- Anthony Eustrel and Marta Labarr in a still from the film
- Directed by: Victor Hanbury
- Written by: Charles Robert-Dumas (novel); Reginald Long; Ákos Tolnay;
- Produced by: John Stafford
- Starring: Marta Labarr; Charles Oliver; Arthur Wontner; Meinhart Maur;
- Cinematography: James Wilson
- Edited by: Ralph Thomas
- Music by: Jack Beaver
- Production company: John Stafford Productions
- Distributed by: RKO Pictures
- Release date: December 1936;
- Running time: 75 minutes
- Country: United Kingdom
- Language: English

= Second Bureau (1936 film) =

Second Bureau is a 1936 British spy romance film directed by Victor Hanbury and starring Marta Labarr, Charles Oliver and Arthur Wontner. It was made at Shepperton Studios and based on the 1934 novel Second Bureau by Charles Robert-Dumas. It was a remake of a 1935 French film of the same name.

The film's title refers to the French military intelligence outfit Deuxième Bureau.

==Plot==
A French spy, Captain Paul Benoit, manages to steal some German secrets. The Germans send Erna Fielder, an agent of their own, after him, but the two spies end up falling in love.

==Cast==
- Marta Labarr as Erna Fielder
- Charles Oliver as Paul Benoit
- Arthur Wontner as Col. Gueraud
- Meinhart Maur as Gen. von Raugwitz
- Fred Groves as Sgt. Colleret
- Joan White as Dorothy Muller
- Anthony Eustrel as Lt. von Stranmer
- G. H. Mulcaster as Yvanne Brosilow
- Leo de Pokorny as Dr.
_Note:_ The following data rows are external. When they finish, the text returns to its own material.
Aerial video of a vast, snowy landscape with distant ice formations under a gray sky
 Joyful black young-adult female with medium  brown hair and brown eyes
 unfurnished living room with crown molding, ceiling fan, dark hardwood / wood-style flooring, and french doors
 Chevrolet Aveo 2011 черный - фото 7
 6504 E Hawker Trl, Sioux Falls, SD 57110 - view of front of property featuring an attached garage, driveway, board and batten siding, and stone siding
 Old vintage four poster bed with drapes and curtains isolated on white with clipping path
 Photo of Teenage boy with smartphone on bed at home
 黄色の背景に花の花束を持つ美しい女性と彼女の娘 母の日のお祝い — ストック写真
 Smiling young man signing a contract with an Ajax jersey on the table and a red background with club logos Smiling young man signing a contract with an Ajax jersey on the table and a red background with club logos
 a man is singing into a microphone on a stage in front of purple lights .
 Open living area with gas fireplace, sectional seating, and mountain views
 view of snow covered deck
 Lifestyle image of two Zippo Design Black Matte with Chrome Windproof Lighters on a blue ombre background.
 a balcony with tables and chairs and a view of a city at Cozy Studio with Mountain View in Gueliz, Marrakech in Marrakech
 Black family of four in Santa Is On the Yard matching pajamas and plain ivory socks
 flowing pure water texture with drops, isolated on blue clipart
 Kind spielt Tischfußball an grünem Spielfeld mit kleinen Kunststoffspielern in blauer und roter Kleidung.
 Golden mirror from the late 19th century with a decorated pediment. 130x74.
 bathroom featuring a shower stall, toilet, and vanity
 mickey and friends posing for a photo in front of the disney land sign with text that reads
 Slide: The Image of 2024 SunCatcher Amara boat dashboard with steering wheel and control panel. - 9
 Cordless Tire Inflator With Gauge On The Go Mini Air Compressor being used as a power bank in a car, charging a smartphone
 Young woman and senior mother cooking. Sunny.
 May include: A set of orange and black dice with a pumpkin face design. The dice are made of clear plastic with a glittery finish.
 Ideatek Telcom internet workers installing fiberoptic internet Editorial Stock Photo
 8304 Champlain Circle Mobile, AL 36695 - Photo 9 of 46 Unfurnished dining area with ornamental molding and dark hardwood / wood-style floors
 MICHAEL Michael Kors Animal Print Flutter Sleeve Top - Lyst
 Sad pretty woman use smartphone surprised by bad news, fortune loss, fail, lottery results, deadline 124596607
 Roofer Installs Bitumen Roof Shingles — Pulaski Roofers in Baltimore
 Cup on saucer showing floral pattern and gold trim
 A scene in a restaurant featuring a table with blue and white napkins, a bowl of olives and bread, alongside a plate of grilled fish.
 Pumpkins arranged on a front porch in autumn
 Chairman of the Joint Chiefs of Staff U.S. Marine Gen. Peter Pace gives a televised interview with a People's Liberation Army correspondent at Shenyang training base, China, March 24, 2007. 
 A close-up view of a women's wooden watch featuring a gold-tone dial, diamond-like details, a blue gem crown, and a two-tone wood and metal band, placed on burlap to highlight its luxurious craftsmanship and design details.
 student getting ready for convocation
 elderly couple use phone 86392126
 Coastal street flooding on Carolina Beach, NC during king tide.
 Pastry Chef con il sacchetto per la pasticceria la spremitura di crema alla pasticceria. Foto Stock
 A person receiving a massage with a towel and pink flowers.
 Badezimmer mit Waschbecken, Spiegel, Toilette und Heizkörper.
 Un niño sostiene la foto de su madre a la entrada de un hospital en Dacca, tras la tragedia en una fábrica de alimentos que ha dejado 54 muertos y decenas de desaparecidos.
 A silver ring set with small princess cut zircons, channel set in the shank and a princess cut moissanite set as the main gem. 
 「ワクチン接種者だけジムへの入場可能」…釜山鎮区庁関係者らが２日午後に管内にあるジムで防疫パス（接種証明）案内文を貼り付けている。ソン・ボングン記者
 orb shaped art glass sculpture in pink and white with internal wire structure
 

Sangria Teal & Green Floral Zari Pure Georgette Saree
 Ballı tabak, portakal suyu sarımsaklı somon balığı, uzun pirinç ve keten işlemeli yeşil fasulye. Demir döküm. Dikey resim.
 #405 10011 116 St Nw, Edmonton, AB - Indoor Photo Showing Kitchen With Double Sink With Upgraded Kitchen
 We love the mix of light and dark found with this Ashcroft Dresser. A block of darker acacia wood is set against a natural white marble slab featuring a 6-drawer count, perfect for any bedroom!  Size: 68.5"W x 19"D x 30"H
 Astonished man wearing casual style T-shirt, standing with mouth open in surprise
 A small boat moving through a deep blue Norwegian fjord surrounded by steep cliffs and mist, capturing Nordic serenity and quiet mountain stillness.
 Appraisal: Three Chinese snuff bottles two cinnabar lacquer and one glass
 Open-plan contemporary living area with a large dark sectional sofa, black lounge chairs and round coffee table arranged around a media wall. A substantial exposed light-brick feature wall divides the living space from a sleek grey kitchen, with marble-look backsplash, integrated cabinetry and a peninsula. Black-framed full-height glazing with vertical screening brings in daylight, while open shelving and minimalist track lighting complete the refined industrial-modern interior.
Weygelmann
- Fewlass Llewellyn as Director of Schaffingen
- Bruno Barnabe as Commissaire of Police

== Reception ==
The Monthly Film Bulletin wrote: "The photography is very clear, and there are some excellent atmospheric shots of a small German frontier-town. The grim opening sequence is also very well conceived, with naturalistic noises considerably enhancing the effect. The continuity at the beginning, however, is distinctly confused, and for a short while there is even some difficulty in determining which of the characters is which, particularly as we know that at any given moment they may be endeavouring to disguise their identities. ... The sequence of events, as one might expect in this type of story, is not always outstandingly logical; and at times one feels that the treatment might with advantage have been more circumstantial. The pace now and then seems definitely too slow for the subject-matter."

Kine Weekly wrote: "At first ragged continuity and the jumbled accents of the English and continental players are a little disturbing, but once the love interest is clearly established the story tightens its hold and from thence on the play never ceases to grip. Great pains have been taken to cultivate convincing atmosphere, all the exteriors are obviously the real thing, and the good technical work is augmented by a carefully graduated and fascinating performance by Marta Labarr in the lead. The polish of the best continental production is very much in evidence, and allied to this is the power and popularity of the eternal espionage theme. The film is a sound job of work, one calculated to appeal strongly to the masses and feminine audiences."